One of the chief reasons for their enviable standard of living was the fact that they were the best fed people on earth. Food was cheap and plentiful. So much food was produced that, try as they might, they could not consume it all and millions of surplus tons were exported to every corner of the globe. Their whole economy was actually based upon extravagant consumption and wastefulness.
Farm production exceeded demand to the extent that competition drove profits relentlessly downward. Finally only the most efficient farms could survive. Efficiency of scale was the gospel of the time. Large corporate factory farms gradually squeezed out the traditional family farms which were once the foundation of their economy.
But there was a fundamental flaw in their system of farming, an Achilles heal that was largely ignored: The bountiful yields were dependent upon unlimited supplies of crude oil and natural gas.
By the beginning of the twenty first century, some concern was expressed about the rapid depletion of fossil fuel reserves, but most people were more concerned about the rising costs than the diminishing supply. Experts of the time estimated that there was enough oil and gas in the ground for another fifty years, at the current rate of consumption, but it was widely assumed that science and industry would surely develop some means of eliminating the dependency on these fossil fuels long before that.
But then the two most populous nations on earth, China and India, began to "westernize" their economies ... bring their people's standard of living closer to that of the western countries. The demand for crude oil and natural gas skyrocketed, as did the prices of fuel and nitrogen fertilizer. Those countries which had not squandered their oil and gas reserves soon enjoyed dominant bargaining positions and became world Super Powers by controlling the supply of these scarce commodities.
Ironically, these new Super Powers discovered they had no need for weapons of mass destruction, or even large standing armies to guard their treasures, because no nation on earth, regardless of their military supremacy, dared risk the wrath of the rest of the world for commandeering an unfair share of these scarce resources. This, as every school child now knows, is when the United Nations finally became united and effective.

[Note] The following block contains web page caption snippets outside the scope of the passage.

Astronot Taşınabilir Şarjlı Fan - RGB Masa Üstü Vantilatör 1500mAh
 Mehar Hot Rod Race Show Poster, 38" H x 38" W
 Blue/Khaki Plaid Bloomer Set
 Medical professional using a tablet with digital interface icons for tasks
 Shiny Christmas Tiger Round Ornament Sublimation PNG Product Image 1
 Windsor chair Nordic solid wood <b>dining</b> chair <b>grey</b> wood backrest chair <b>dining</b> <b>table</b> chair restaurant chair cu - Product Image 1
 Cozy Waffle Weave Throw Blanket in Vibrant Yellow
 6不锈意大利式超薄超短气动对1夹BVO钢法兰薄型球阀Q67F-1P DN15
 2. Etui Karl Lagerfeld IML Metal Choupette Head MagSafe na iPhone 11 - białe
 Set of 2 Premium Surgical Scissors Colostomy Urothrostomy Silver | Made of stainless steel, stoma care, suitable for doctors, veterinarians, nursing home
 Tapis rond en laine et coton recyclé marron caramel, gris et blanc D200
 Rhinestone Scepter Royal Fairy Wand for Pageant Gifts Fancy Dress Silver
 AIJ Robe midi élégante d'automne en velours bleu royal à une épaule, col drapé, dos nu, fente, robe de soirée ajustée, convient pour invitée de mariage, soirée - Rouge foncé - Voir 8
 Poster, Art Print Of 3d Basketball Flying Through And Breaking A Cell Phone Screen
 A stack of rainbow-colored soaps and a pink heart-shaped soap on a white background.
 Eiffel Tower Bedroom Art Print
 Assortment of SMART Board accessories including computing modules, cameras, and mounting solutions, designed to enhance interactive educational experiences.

Because of prohibitively high prices and the scarcity of supply, farmers the world over were forced to drastically reduce their use of fertilizer. Crop yields plummeted. North American grain exports dwindled. Food prices rose dramatically, culminating in our present perilous situation ... just fifty years into the twenty first century.
There is no point in wringing our hands and cursing Grandpa, or wondering how it was possible that his generation ... which was intelligent enough to put the first man on the moon and develop a computer program as sophisticated as Microsoft Windows (although the current version, Window Pane 2050, still requires occasional patching) ... could have been so ignorant about something as fundamental as farming. But, be that as it may, we must now live with the consequences of their greed and ignorance. May they rest in peace and may coming generations not have reason to despise us as we despise those who came before us.